Only one stretch of the data below is wanted: the lines from the one with "Bonnlo Arche de" through the one with "0e4edc00 cb2a 4c26 a70d d96dff55fd41", repeated exactly.

* **EXCERPTED DATA**:

= Beginning of Section =

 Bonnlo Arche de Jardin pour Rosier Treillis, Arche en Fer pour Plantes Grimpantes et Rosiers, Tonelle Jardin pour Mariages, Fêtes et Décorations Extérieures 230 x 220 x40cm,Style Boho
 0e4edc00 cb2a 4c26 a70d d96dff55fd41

= End of Section =
= Beginning of Section =

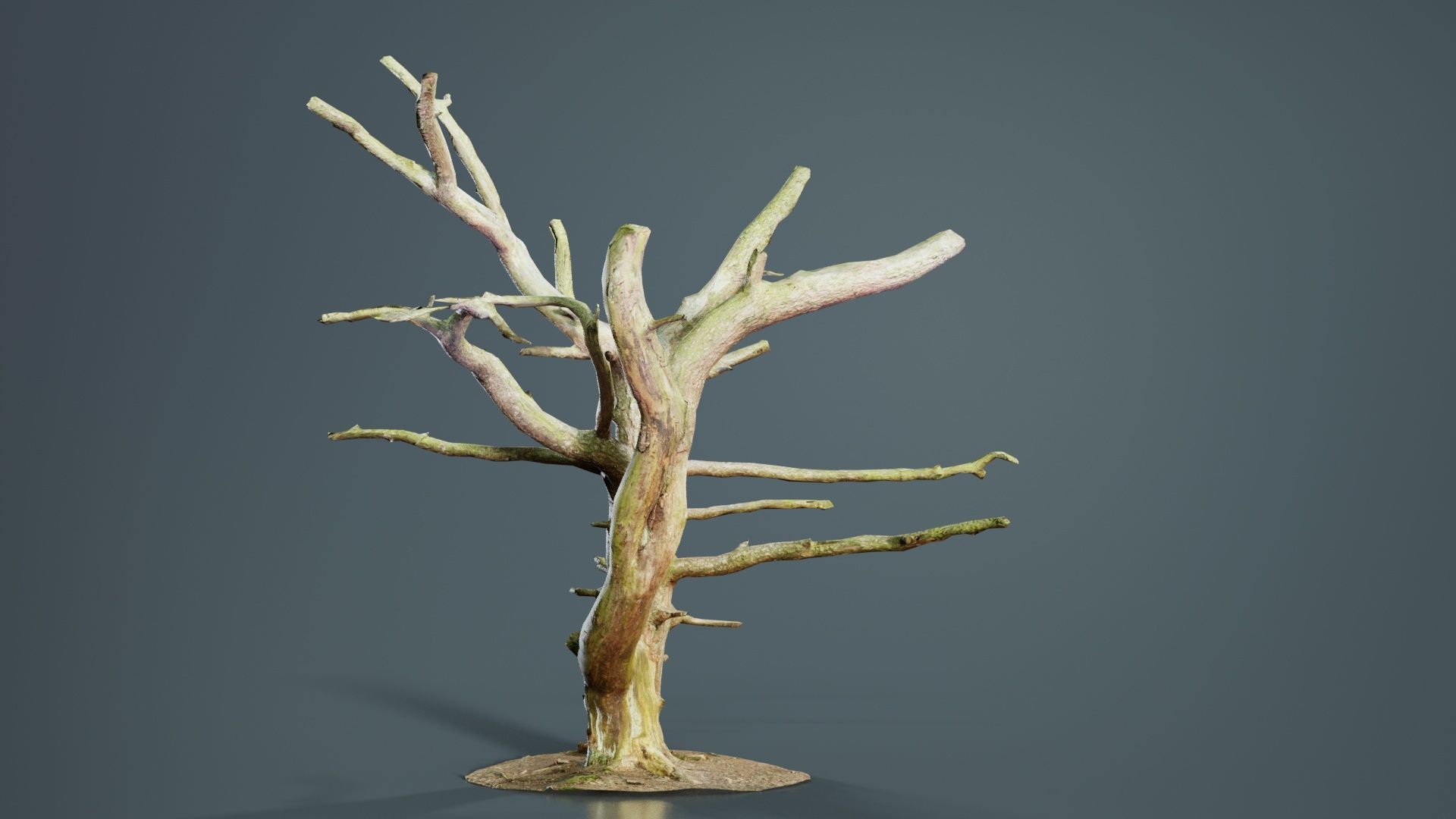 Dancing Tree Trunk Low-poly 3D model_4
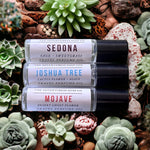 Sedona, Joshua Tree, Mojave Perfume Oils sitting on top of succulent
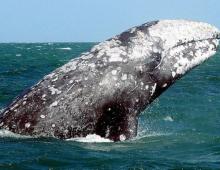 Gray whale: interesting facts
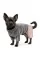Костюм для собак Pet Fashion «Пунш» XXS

= End of Section =

* **TASK OUTPUT**:
 Bonnlo Arche de Jardin pour Rosier Treillis, Arche en Fer pour Plantes Grimpantes et Rosiers, Tonelle Jardin pour Mariages, Fêtes et Décorations Extérieures 230 x 220 x40cm,Style Boho
 0e4edc00 cb2a 4c26 a70d d96dff55fd41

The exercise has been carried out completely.